Wellman v. Wickerman

44 Mo. 484 | Mo. | 1869

Wagner, Judge,

delivered the opinion of the court.

This was action in the Ralls county Circuit Court for the possession of a mare. The facts are few and simple, and appear from the record to be these: in the fall of 1864 the plaintiff’s mare was taken or pressed into the service of the United States by soldiers, and used by the government. At the time the maro was taken plaintiff was requested to go to Hannibal and get a receipt for her. This, it seems, he never did. The mare was afterward turned over to Joel K. Shaw, a quartermaster in the army of the United States, appointed and commissioned by the President. , While the mare was in the possession of the quartermaster she was branded “I. C.,” denoting that she had been inspected and condemned; and the letters “U. S.” were also branded upon her, indicating the claim and ownership of the government. She was sold at Warrensburg, Mo., at a government sale, by the quartermaster, acting under orders and direction of Maj. Gen. Dodge, at that time commanding the department of the Missouri. Under this sale the mare was purchased by the person from whom defendant derives title. The court refused *485the instructions of the plaintiff to the effect that if the jury-believed from the evidence that the plaintiff neither sold nor delivered the mare to the United States, nor any officers thereof, then a sale by the United States or her officers vested no title in the defendant. Instructions were given, at the instance of the defendant, that if they found the facts as substantially stated above, then the verdict should be for defendant. The jury found for defendant, and judgment was entered on that finding, which judgment was affirmed in the District Court, and the case is brought here by error.

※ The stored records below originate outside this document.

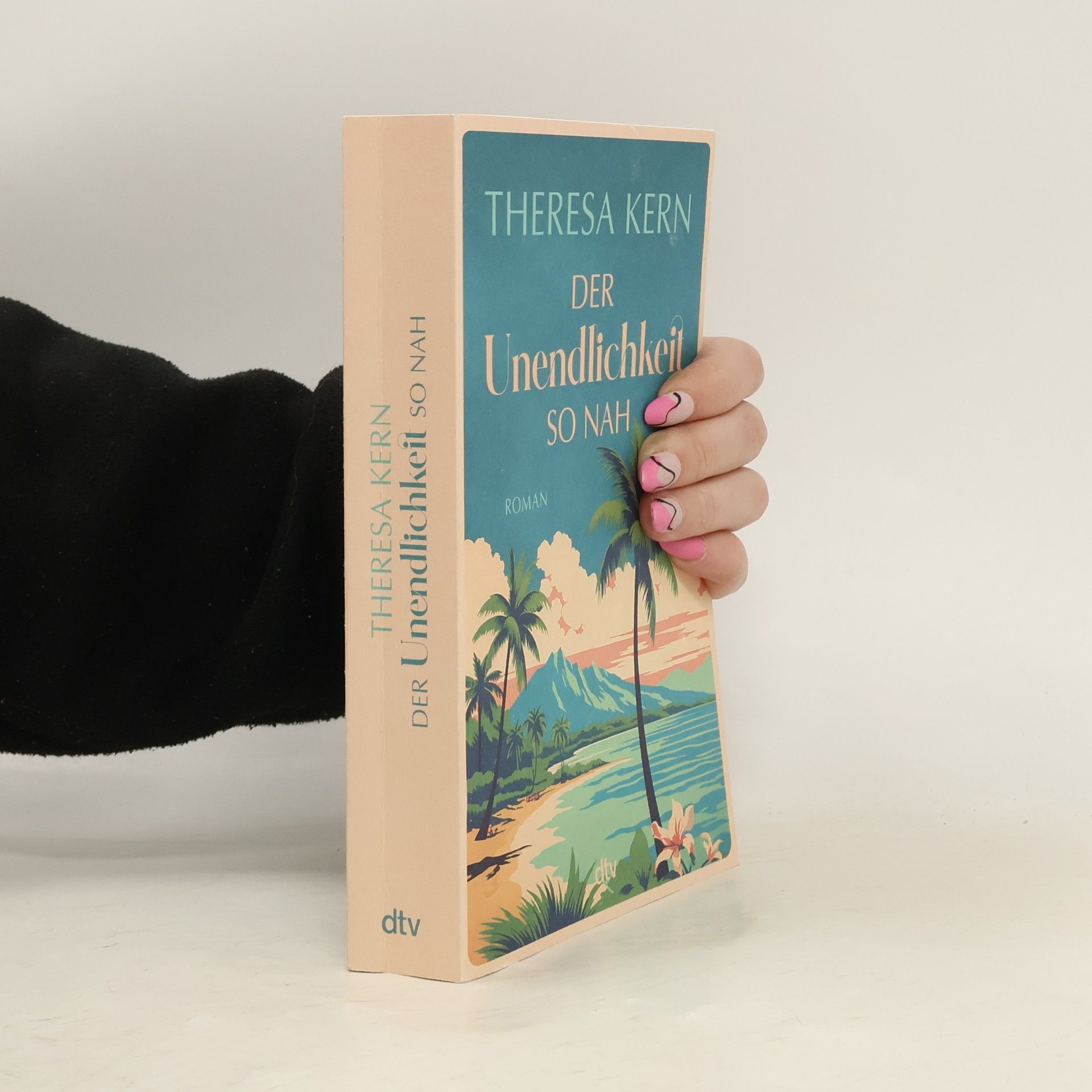 Theresa Kern Der Unendlichkeit so nah. Roman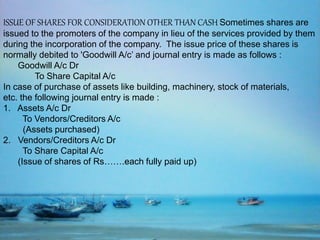 ISSUE OF SHARES FOR CONSIDERATION OTHER THAN CASH Sometimes shares are
issued to the promoters of the company in lieu of the services provided by them
during the incorporation of the company. The issue price of these shares is
normally debited to 'Goodwill A/c’ and journal entry is made as follows :
Goodwill A/c Dr
To Share Capital A/c
In case of purchase of assets like building, machinery, stock of materials,
etc. the following journal entry is made :
1. Assets A/c Dr
To Vendors/Creditors A/c
(Assets purchased)
2. Vendors/Creditors A/c Dr
To Share Capital A/c
(Issue of shares of Rs…….each fully paid up)
 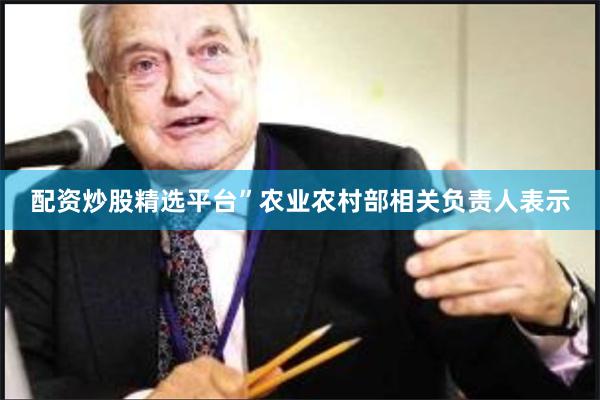 配资炒股精选平台”农业农村部相关负责人表示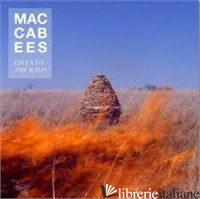 GIVEN TO THE WILD - THE MACCABEES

This case is entirely different from Wilson v. Crocket, 43 Mo. 216. In that case there was no evidence to show how the horse came into the possession of the quartermaster; it was never condemned, nor was it branded, nor were there any indicia to show that the government asserted any title to it. There was a complete absence of evidence to show that it came into the hands of the quartermaster by any lawful authority.

This case presents a very different view. Here the mare was taken by the direct authority of the government, to meet a pressing exigency. She was used in the military service, and then condemned and sold under the order of the department commander, with a direct and unequivocal assertion of title in the United States.

In Coolidge v. Guthrie, 8 Am. Law Reg., N. S., 22, the action was trover to recover the value of certain cotton. The facts found showed that in July, 1862, Gen. Curtis, commanding an army of the United States, took military possession of the town of Helena, in the State of Arkansas. That State was then in rebellion against the United States. The cotton was raised on farms belonging to Gen. Pillow, who was, at the time of the seizure of the cotton, in the military service of the rebel government.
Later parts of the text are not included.